Short text fragments from websites:
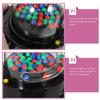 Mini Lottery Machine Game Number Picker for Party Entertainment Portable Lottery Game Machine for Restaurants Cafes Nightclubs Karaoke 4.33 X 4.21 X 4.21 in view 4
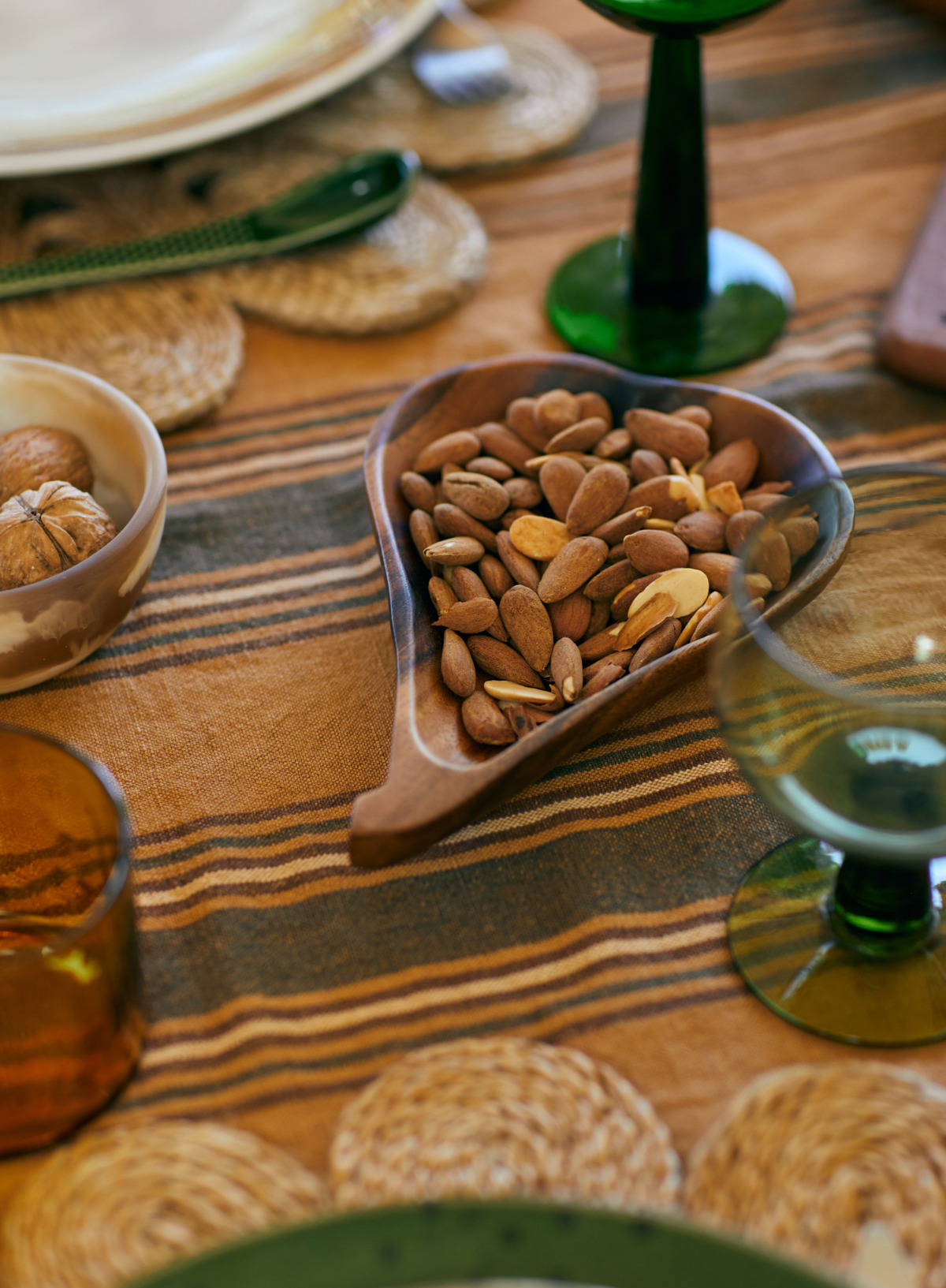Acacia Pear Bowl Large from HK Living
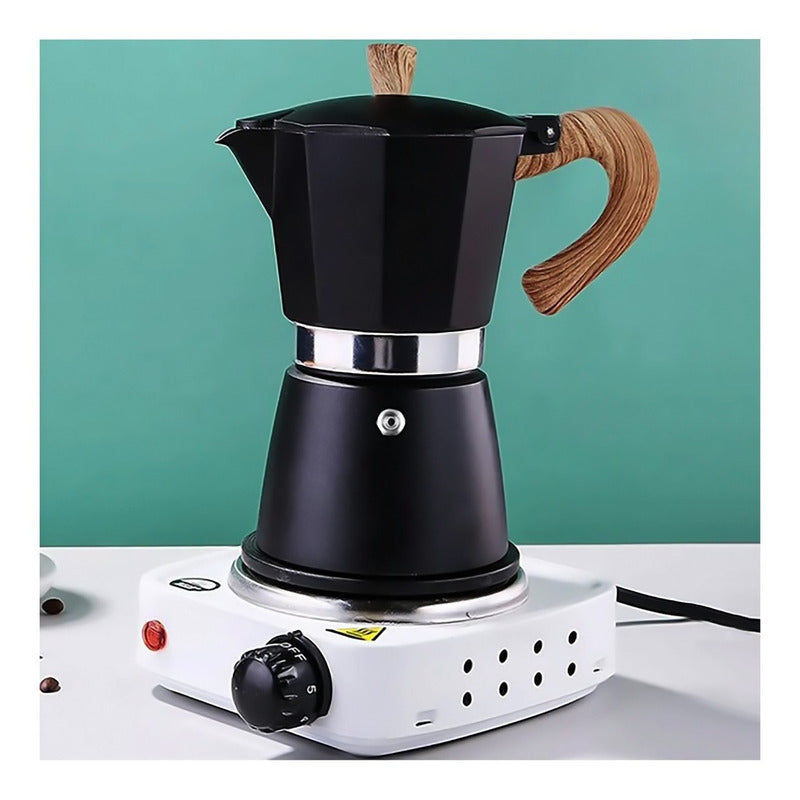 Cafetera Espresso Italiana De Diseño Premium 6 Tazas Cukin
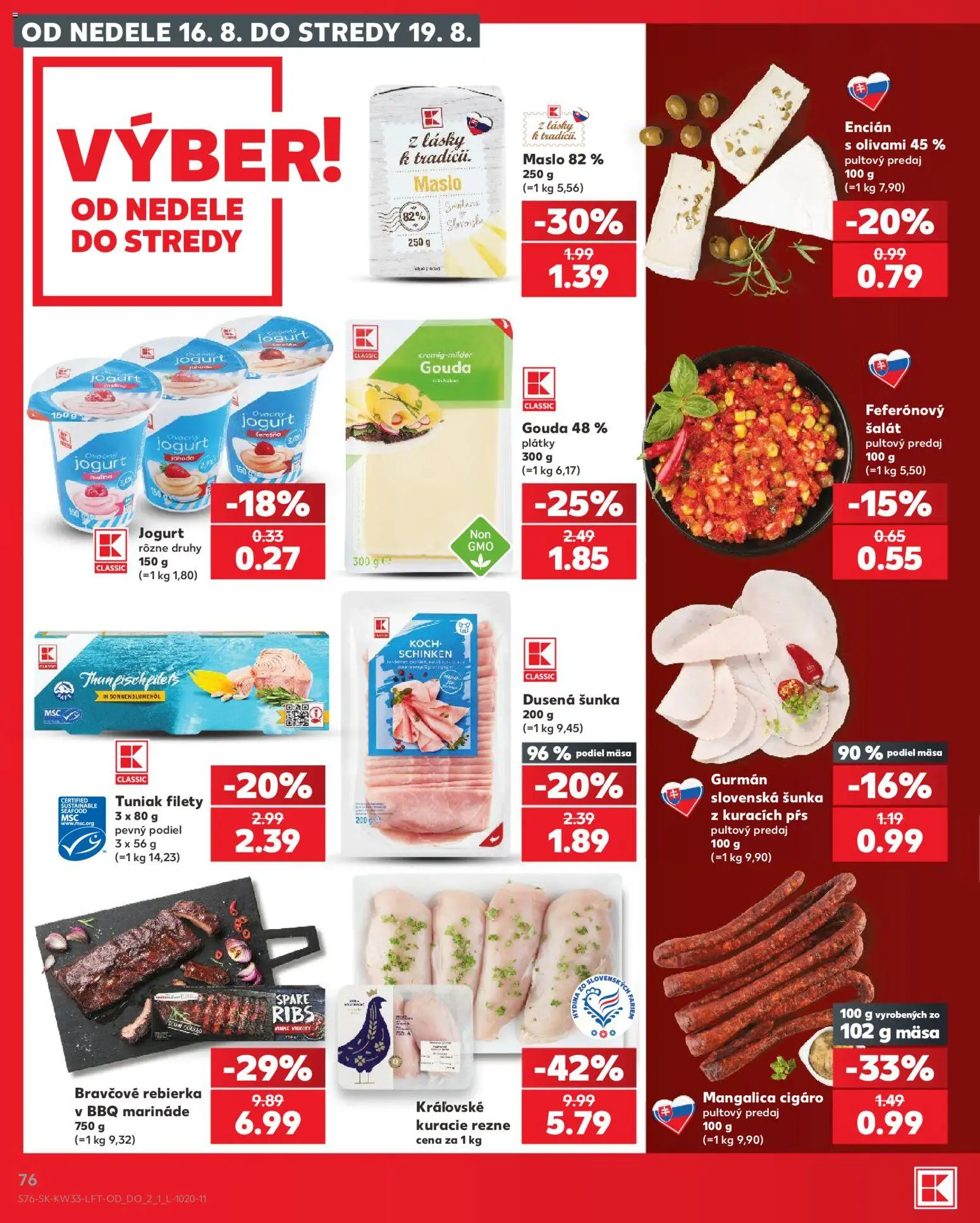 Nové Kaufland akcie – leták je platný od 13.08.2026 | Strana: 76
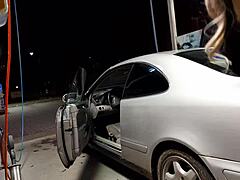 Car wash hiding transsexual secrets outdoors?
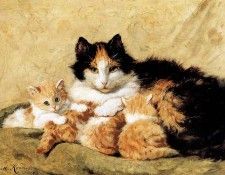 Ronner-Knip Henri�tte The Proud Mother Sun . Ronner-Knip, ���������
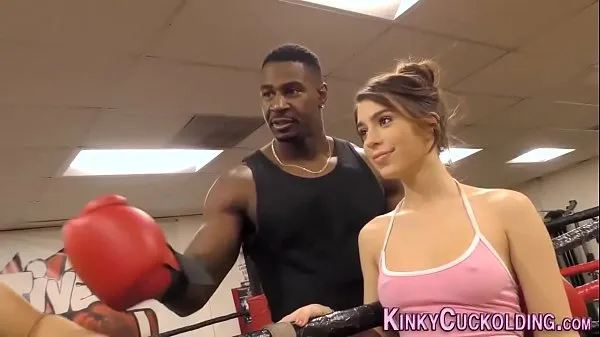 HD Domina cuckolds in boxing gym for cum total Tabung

Instructions for the task: Could you repeat exactly the lines from the one containing "Acacia Pear Bowl Large from HK Living" to the last line of the records, both included, and leave out every picture?

Task result:
Acacia Pear Bowl Large from HK Living
 Cafetera Espresso Italiana De Diseño Premium 6 Tazas Cukin
 Nové Kaufland akcie – leták je platný od 13.08.2026 | Strana: 76
 Car wash hiding transsexual secrets outdoors?
 Ronner-Knip Henri�tte The Proud Mother Sun . Ronner-Knip, ���������
 HD Domina cuckolds in boxing gym for cum total Tabung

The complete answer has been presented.